[Saved entries]
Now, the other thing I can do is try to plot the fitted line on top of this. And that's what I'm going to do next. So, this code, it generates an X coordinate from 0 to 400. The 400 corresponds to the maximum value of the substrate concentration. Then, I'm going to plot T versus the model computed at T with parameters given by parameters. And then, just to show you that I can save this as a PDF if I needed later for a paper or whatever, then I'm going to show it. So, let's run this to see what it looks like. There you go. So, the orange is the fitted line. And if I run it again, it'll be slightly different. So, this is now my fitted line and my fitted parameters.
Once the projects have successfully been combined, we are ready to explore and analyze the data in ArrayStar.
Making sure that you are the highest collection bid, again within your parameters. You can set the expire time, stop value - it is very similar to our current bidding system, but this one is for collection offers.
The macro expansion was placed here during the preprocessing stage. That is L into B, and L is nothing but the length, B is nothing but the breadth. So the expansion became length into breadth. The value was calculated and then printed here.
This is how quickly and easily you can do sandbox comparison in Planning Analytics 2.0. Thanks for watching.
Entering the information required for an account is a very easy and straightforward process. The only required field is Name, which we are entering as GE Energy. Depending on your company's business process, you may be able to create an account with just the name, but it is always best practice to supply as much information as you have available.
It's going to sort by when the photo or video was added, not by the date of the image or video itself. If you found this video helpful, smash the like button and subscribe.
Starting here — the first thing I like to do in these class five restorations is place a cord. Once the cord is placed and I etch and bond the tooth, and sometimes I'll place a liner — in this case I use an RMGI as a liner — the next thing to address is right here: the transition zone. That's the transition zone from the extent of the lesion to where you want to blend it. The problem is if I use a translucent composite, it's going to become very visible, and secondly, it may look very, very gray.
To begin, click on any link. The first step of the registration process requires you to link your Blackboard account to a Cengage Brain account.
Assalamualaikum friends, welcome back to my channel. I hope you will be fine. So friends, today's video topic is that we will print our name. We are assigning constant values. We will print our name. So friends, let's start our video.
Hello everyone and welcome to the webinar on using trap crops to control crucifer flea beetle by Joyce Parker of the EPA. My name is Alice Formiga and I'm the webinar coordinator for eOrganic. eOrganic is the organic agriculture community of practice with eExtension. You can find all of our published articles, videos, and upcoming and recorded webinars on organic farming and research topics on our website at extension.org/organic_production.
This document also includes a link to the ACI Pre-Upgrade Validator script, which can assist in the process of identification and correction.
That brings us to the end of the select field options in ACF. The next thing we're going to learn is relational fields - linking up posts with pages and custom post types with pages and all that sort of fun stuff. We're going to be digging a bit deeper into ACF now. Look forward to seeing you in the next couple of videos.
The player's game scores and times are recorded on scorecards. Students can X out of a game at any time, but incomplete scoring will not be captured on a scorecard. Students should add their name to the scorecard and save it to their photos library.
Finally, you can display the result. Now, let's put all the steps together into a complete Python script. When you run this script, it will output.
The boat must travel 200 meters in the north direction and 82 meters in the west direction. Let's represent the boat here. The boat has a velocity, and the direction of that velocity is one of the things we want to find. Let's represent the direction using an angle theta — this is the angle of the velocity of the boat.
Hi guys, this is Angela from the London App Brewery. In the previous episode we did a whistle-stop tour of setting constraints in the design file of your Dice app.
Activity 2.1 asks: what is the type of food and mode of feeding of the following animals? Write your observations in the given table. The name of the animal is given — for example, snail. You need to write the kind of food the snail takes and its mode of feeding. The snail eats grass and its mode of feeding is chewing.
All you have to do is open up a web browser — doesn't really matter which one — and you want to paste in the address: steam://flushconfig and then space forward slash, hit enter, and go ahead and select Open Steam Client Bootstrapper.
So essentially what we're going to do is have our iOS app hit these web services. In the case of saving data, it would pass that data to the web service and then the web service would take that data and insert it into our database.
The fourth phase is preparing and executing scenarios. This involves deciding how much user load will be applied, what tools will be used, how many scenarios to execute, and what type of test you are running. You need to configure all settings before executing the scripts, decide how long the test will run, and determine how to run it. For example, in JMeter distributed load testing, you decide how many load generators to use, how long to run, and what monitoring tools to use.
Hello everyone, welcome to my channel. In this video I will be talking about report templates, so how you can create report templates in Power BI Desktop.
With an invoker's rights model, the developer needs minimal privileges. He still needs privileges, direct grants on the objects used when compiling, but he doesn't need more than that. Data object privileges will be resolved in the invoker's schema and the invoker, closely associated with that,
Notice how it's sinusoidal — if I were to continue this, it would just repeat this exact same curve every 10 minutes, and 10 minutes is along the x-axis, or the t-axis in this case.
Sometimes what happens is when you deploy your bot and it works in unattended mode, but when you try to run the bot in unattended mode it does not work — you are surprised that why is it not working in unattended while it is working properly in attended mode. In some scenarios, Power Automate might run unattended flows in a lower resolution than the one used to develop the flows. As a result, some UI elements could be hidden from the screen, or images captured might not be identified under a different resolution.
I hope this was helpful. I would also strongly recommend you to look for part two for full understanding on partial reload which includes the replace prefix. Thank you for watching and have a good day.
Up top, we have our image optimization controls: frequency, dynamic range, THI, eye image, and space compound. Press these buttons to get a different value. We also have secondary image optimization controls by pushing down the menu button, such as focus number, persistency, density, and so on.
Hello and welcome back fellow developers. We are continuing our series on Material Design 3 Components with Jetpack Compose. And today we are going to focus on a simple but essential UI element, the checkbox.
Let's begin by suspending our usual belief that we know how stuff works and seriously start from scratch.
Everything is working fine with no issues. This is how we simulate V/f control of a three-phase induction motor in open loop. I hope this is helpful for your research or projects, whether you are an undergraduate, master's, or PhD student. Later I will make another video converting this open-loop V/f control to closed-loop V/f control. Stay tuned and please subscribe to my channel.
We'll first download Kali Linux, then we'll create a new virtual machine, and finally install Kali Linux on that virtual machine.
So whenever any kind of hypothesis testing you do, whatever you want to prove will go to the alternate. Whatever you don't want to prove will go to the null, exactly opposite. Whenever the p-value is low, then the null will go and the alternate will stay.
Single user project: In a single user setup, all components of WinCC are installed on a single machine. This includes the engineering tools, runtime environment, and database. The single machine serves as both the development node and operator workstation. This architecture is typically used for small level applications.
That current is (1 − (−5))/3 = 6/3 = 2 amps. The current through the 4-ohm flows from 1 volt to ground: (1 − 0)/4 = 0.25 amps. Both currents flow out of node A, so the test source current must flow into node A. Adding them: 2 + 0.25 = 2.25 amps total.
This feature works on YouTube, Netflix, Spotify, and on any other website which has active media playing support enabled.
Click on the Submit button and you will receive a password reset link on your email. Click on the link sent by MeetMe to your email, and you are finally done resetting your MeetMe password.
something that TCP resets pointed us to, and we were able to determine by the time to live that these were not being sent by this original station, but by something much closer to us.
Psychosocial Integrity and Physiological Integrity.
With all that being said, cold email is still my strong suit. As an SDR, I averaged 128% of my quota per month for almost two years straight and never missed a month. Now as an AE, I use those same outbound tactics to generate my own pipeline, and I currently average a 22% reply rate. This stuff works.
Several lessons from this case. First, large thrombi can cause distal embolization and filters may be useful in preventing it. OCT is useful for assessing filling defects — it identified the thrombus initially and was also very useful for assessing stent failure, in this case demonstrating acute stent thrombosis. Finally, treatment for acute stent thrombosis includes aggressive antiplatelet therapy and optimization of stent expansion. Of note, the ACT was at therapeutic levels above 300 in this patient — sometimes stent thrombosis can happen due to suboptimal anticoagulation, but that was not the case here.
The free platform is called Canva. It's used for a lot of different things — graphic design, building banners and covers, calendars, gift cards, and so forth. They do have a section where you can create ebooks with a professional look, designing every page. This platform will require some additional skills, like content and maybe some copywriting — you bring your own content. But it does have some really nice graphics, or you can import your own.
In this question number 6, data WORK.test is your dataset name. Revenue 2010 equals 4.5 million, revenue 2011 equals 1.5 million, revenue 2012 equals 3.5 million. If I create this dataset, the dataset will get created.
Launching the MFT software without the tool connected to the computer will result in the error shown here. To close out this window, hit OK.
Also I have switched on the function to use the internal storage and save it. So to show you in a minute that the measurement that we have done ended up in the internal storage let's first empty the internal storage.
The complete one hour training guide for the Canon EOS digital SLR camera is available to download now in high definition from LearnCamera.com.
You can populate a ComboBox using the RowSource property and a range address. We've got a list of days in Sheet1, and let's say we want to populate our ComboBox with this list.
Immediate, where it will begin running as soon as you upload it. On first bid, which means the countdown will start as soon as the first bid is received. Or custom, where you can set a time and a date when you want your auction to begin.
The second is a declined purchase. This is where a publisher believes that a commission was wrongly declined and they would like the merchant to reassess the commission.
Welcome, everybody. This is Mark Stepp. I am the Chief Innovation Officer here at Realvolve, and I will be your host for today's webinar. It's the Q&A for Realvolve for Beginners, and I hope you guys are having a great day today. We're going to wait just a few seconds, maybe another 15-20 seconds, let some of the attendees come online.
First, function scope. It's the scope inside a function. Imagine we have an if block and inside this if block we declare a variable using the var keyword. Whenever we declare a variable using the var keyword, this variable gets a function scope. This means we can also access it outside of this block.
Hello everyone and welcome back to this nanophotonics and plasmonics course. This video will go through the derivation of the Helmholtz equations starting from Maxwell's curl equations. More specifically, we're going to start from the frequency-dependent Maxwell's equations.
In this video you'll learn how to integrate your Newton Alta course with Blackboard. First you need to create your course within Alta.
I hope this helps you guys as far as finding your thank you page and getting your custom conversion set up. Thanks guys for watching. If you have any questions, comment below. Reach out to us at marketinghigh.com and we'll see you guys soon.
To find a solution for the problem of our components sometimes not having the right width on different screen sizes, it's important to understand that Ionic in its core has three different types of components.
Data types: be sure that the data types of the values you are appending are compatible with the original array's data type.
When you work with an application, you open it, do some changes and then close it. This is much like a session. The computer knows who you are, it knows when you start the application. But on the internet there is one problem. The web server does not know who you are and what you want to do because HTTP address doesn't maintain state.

**DIRECTIONS FOR THIS TASK**
All lines in the records that contain "course" are to be copied and returned.

**ANSWER SECTION**
Hello everyone and welcome back to this nanophotonics and plasmonics course. This video will go through the derivation of the Helmholtz equations starting from Maxwell's curl equations. More specifically, we're going to start from the frequency-dependent Maxwell's equations.
In this video you'll learn how to integrate your Newton Alta course with Blackboard. First you need to create your course within Alta.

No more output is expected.